John Hillcoat’s The Proposition (2005) opens with a series of black and white photographs depicting the building of the British Empire in Australia. Some depict the settlers in single or group portraits; others portray the indigenous people, amongst images of hotels, clapboard shops and a school. Everything looks dirty and everything looks painful, harsh, real. The sequence then shifts from these general images to a more specific event: starting with a group portrait of the local police force, their rifles in hand and an uneasy gaze staring into the lens, the sequence proceeds with three related images. The first is of the remains of a burnt out house, a bare black and charred frame stark against the pale sands of the Outback. Following this is a photograph of three bodies, a man and a woman with a child laid out between them. The woman appears to have a deep cut on her forehead whilst the man has clearly been shot in the head. The child, their eyes closed, appears unharmed, resting peacefully in his premature death. An image of three crosses follows, each grave marker bleaches out into the morning sun. This image lingers on the screen to consolidate its value and importance, the serene non-diegetic music adding further melancholy to the evoked atmosphere.

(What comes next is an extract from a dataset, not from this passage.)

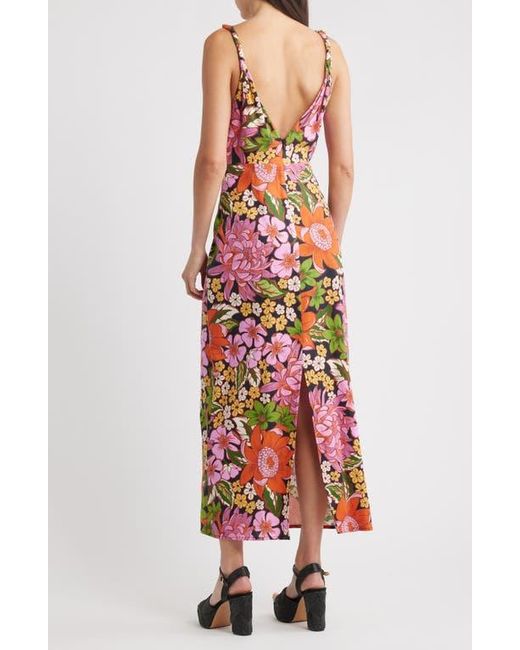 Farm Rio Red Vivi Rosette Detail Floral Linen Blend Maxi Dress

An abrupt cut to the interior of a small, claustrophobic whore house.

Instead of fucking there is only killing: bullets pierce the corrugated iron with a sharp crack, glass shatters and objects explode. One man is shot in the throat, his blood spraying across the walls. Another shoots back through the shattered cabin window. A young man cowers at his feet, curling himself up into a tight ball as more bullets penetrate the small space. Another abrupt cut and the shoot out is over. The blood stained bodies of the dead are piled into a corner, one atop the other. At a bullet-splintered table sit two men, the one who was shooting and the man who cowered. They sit before a police man, recognisable from the photograph from the title sequence. He is Captain Morris Stanley (Ray Winstone), an Englishman, and the two men are Charlie (Guy Pearce) and Mike Burns (Richard Wilson), brothers of the infamous Arthur Burns (Danny Houston). They talk and Mike is pistol whipped for Charlie’s defiance. Comments are made about a recent rape and triple murder. From Stanley’s brief description it becomes apparent that the images that concluded the title sequence are the crime scene photographs from this incident, the so called Hopkins Outrage. Stanley is both disgusted and disturbed by this event, apportioning the blame to their absent brother and the rest of his gang. Stanley smiles and tells Mike that he will hang on Christmas Day if Charlie does not find, kill, and bring back the head of Arthur Burns within nine days.

So begins The Proposition.

Charlie Burns, the Good Son

Having accepted Stanley’s proposition, Charlie mounts his horse and begins his journey into the Outback. As he rides, he passes the remains of the Hopkins house. Tying up his horse, Charlie cautiously enters the house, pausing to take off his hat before crossing the burnt threshold. As he does so, Stanley is heard in voice over, his words seemingly echoing in both Charlie’s mind and through the hollow remains of the house: “Arthur Burns is a monster. An abomination. What happened at the Hopkins place was unforgivable. I have never seen such a sickening sight. Did you know poor Eliza Hopkins had a child in her belly?”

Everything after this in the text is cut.